The Shuffle will appeal to a pretty huge segment of portable music listeners, I’ll wager. Most people I know like to listen to their music on “Random” anyway, and almost no one sits and listens to their portable player long enough to make it through 240 songs at one stretch. At 4 minutes a song, that’d be 16 hours. By then, you’d need to refresh the battery anyway.

Unfortunately, this player sounds like it might be almost impossible to use with audiobooks. Unless, perhaps, you can force it to draw from one iTunes playlist only, put the files you want in that playlist, and turn off the shuffle.

Or maybe you’re not: Apple & Leading Car Companies Team Up to Deliver iPod Integration in 2005

A friend of mine at work just came pu with a good point - for your MiniDisc player you can get headphones with a display screen integrated on the cord - why not do that (much like IPod’s current remote earbud combo) and put your skip buttons on there?

I think it might be a decent idea for a price break cheap intro to Ipod (especially with the way it handles their exclusive coding) and be a great second Ipod for those so inclined to need one for [insert reason for not jogging wearing 1000 worth of gear].

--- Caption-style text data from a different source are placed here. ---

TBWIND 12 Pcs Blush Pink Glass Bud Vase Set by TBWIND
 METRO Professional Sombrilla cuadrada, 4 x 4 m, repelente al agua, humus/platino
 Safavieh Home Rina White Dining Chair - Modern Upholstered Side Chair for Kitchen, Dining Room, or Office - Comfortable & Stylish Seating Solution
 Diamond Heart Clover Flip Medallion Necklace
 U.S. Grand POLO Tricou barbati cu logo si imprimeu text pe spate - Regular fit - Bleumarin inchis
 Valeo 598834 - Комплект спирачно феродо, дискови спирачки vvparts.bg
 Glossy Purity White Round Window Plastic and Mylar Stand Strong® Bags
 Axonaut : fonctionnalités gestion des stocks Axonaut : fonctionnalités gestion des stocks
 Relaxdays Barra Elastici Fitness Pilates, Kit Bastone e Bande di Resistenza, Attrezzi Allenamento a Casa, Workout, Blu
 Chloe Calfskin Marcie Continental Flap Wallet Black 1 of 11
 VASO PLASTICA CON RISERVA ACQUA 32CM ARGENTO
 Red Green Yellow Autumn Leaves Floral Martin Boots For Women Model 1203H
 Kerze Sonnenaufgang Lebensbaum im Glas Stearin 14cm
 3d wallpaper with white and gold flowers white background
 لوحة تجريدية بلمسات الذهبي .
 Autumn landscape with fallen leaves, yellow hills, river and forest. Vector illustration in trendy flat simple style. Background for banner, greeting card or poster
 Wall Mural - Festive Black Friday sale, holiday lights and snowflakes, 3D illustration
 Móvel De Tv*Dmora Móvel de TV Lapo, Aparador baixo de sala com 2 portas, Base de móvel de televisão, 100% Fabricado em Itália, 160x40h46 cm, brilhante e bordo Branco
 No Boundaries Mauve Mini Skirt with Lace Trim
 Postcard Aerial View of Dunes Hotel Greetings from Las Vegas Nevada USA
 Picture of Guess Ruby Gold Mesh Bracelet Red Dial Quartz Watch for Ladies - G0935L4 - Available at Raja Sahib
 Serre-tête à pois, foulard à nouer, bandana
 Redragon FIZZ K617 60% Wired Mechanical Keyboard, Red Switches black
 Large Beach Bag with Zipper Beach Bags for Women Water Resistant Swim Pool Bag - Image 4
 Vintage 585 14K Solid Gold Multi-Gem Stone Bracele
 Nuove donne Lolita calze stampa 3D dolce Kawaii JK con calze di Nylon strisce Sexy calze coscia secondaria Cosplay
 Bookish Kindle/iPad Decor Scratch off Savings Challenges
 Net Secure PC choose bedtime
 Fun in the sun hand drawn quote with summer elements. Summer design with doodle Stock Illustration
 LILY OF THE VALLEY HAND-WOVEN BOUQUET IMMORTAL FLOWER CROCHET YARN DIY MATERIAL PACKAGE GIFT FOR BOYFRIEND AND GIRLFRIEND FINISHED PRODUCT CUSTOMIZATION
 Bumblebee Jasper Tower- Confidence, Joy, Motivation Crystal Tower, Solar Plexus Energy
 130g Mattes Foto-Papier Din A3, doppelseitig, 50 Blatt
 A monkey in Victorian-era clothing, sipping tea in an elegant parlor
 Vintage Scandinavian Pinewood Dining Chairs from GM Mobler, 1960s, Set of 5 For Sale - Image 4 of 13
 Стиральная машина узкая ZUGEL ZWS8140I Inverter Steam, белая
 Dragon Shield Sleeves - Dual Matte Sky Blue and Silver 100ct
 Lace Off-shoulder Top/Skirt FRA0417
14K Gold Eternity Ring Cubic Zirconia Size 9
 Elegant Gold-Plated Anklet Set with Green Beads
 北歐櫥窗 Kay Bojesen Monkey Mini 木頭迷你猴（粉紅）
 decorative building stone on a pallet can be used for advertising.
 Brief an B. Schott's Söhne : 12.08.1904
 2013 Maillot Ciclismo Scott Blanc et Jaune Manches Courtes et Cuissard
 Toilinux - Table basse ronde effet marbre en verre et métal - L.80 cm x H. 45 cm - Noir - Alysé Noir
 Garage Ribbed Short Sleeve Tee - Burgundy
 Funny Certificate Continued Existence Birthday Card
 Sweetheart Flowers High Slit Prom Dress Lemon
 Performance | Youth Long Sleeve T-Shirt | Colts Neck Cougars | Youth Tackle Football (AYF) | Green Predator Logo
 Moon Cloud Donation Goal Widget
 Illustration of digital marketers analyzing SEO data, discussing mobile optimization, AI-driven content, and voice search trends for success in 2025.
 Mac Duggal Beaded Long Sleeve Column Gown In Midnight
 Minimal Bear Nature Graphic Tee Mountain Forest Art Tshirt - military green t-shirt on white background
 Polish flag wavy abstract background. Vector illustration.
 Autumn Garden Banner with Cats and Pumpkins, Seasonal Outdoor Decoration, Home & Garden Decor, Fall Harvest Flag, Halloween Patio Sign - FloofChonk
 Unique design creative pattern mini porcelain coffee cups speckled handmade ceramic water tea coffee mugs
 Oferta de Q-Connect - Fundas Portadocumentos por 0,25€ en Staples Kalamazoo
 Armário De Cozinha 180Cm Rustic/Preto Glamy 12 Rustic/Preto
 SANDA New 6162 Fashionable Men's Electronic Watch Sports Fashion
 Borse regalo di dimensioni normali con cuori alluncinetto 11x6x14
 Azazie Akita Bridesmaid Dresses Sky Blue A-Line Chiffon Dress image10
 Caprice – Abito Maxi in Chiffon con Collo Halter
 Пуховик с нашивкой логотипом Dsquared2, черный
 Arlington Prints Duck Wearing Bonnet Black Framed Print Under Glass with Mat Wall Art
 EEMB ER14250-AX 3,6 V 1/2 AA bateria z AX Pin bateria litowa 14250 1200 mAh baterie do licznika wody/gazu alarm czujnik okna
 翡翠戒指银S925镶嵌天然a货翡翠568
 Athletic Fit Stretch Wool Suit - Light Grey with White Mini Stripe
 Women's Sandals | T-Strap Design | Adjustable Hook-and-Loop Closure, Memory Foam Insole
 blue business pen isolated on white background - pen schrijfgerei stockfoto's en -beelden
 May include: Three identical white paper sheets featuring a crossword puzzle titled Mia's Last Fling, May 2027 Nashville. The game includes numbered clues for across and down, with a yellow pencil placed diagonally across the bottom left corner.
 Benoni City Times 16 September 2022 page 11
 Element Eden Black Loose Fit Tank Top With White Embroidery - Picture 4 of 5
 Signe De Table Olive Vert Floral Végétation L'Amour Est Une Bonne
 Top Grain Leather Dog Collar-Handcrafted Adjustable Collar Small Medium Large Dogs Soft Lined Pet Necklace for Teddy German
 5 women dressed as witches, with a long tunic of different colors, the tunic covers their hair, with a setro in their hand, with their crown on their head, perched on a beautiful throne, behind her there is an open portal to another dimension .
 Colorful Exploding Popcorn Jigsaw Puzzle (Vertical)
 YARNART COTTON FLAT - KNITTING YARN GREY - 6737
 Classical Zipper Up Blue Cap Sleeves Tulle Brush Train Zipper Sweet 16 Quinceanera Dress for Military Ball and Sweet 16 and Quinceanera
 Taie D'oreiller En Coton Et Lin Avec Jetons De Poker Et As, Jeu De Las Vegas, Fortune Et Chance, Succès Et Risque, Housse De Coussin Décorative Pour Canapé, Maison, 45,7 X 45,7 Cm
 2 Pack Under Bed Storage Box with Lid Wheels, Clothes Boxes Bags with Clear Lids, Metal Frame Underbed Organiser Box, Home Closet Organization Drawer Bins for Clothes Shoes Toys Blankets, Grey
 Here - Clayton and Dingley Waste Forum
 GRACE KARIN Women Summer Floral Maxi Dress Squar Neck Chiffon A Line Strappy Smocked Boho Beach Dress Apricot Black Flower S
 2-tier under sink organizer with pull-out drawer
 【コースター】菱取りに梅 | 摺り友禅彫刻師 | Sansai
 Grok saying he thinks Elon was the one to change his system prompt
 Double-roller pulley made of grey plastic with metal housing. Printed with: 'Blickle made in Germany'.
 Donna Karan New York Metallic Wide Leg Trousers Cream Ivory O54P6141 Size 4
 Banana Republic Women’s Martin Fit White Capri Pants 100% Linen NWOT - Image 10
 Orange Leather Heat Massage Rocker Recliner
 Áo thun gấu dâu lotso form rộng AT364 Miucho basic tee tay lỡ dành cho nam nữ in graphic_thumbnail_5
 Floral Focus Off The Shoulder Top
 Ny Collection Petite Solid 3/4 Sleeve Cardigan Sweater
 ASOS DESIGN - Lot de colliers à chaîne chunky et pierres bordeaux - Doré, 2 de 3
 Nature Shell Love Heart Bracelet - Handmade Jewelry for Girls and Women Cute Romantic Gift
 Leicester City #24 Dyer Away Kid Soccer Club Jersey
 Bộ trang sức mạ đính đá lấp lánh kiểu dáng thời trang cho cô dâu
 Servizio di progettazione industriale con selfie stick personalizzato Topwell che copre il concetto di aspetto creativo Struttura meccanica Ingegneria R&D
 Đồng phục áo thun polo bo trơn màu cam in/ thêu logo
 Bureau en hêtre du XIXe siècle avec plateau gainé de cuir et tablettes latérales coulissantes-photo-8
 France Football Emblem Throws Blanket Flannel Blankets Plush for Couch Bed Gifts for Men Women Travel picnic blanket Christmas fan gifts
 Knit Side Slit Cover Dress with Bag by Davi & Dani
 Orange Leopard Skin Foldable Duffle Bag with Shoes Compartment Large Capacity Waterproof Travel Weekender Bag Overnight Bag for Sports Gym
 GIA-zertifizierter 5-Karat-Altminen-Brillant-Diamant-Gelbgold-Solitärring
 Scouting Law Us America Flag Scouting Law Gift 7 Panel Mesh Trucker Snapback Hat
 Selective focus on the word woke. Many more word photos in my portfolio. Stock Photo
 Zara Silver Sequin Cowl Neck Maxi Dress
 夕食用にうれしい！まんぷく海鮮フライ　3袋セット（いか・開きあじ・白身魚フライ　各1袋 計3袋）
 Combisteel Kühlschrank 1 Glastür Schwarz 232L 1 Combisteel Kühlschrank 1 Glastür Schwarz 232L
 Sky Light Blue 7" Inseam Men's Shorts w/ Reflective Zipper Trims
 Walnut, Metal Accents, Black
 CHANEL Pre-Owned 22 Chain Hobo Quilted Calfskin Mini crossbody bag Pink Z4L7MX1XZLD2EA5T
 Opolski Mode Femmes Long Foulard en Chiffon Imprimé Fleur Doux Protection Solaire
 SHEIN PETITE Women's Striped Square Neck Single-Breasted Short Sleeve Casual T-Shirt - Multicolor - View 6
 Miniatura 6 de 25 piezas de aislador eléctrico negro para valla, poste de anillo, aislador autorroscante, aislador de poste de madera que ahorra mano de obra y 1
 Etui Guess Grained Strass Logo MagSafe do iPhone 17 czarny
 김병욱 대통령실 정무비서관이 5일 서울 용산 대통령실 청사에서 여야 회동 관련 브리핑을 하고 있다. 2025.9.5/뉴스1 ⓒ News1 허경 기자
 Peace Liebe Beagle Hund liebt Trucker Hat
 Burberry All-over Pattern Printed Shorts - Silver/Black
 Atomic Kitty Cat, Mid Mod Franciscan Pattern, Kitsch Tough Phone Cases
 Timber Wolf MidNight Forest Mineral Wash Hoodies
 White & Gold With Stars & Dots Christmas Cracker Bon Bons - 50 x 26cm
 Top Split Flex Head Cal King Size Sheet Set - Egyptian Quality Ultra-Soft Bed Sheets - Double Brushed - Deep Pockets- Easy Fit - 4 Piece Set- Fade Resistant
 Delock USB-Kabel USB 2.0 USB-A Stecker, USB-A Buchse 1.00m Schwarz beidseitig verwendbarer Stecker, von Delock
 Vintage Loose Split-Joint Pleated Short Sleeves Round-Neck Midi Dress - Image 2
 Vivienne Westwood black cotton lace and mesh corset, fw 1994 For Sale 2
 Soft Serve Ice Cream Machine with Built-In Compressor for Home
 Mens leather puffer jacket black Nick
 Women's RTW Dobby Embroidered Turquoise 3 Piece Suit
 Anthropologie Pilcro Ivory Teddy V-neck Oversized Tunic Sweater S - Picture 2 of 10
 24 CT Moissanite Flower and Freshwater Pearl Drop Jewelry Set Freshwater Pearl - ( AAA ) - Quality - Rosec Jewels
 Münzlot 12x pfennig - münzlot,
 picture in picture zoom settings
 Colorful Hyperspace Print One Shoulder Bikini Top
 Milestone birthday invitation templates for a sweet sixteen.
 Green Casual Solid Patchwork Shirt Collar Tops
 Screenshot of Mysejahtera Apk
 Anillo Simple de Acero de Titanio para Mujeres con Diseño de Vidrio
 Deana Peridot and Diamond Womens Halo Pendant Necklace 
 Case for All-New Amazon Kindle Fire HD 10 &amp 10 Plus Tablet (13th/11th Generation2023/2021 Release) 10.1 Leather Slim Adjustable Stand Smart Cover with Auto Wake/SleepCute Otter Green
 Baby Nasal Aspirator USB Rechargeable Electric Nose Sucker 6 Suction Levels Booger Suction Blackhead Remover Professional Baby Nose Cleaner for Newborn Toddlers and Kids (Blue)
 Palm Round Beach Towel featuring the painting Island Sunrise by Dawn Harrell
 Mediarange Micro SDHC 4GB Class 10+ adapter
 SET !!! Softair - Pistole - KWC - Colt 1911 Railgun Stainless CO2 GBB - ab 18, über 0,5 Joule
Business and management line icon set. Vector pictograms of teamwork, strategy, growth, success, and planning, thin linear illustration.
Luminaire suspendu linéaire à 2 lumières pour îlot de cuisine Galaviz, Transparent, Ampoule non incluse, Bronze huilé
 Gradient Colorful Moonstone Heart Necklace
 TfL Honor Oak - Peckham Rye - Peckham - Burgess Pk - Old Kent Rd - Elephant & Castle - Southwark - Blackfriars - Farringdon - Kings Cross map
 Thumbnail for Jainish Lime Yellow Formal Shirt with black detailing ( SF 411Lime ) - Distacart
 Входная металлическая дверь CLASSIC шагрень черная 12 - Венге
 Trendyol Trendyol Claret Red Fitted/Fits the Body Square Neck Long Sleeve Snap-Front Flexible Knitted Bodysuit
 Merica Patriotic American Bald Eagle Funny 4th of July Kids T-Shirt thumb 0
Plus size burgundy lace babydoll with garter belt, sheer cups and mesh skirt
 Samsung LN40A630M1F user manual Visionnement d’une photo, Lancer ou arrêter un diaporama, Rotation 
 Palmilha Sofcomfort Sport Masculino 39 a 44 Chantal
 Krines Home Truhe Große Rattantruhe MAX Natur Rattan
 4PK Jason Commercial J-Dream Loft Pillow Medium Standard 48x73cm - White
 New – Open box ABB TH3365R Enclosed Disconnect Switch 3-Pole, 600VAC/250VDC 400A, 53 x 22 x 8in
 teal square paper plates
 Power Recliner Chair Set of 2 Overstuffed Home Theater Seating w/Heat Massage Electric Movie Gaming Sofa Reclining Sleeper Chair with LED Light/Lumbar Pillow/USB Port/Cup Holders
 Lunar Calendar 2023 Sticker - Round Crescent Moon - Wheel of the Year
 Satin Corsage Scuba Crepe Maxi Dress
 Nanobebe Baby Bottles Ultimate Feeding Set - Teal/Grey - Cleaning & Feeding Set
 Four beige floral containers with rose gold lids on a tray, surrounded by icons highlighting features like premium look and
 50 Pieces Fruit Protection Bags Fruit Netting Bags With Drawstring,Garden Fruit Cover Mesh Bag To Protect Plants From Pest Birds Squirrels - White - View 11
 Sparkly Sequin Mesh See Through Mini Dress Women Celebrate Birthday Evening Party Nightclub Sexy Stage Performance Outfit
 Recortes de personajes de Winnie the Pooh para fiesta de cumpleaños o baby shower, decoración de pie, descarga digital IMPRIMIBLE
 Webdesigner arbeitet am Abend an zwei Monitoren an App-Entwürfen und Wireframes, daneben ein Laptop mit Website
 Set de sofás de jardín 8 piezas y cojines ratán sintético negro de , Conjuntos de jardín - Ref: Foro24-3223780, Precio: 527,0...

What I think would be neat would be to have ‘book rentals’ much like the dvd rentals currently at airports. At airports, bus stations, highway rest stops, have a machine that you can plug your Ipod or Ipod Shuffle into and instantly buy or rent an inexpensive book on tape or whatever to give you something more to listen to. It’s hooked up to the interweb so you can sync it to your home system then or later.

I think the shuffle is awesome for when I go to the gym or take the baby on a walk.

I don’t need a display for those times and the small size would be ideal.

Actually I alreaedy have a 40GB iPod and I think the Shuffle would complement it well. The full-size iPod doesn’t fit in a pocket comfortably, and it’s fragile - at least I assume it’s fragile and treat it accordingly because it’s expensive and I know there are moving parts in there. I wouldn’t use it outdoors (jogging, bicycling*) or while walking around inside (working in the lab). I think the Shuffle would be perfect for those occasions. I already have all my music on iTunes and presumably it can manage both iPods.

*I know, bicycling with headphones on is a bad idea. I’d only use portable speakers, and only while touring in the middle of nowhere.

If I had known about this last month, I would have waited and bought it for my daughter, rather than the Rio Forge I got her for Christmas. I would have saved forty bucks over the Forge, got twice the capacity, and how much do you need a display when all you have loaded is two or three audiobooks and one Hilary Duff CD?

Why this little thing could not have come at a better time in my world.

The Mr. got himself an Ipod a couple of months back, couldn’t be more over the moon about the thing, he loves it.

So I was wanting to take some music to the gym, or while working on the garden, or painting the house etc. I was afraid to mention this to the Mr for Christmas, certain he’d insist on getting me an ipod or ipod mini.

And to be honest I felt it would be a terrible waste. I don’t need all of that capability. I wouldn’t use it that often. I’ll get frustrated when I have to relearn all the controls everytime I want to use it. Why not just get a cheap MP3 player that does little more that play at random? We just had this conversation not three days ago. And for all my protests, when he ended with, “Well, okay, but promise you will let me choose and buy it.”, I knew I was sunk. I had not convinced him one little bit I was certain.

The beautiful part is that it is already compatible with the itunes stuff he already has set up on my computer.

I tell you, they made this, just for me.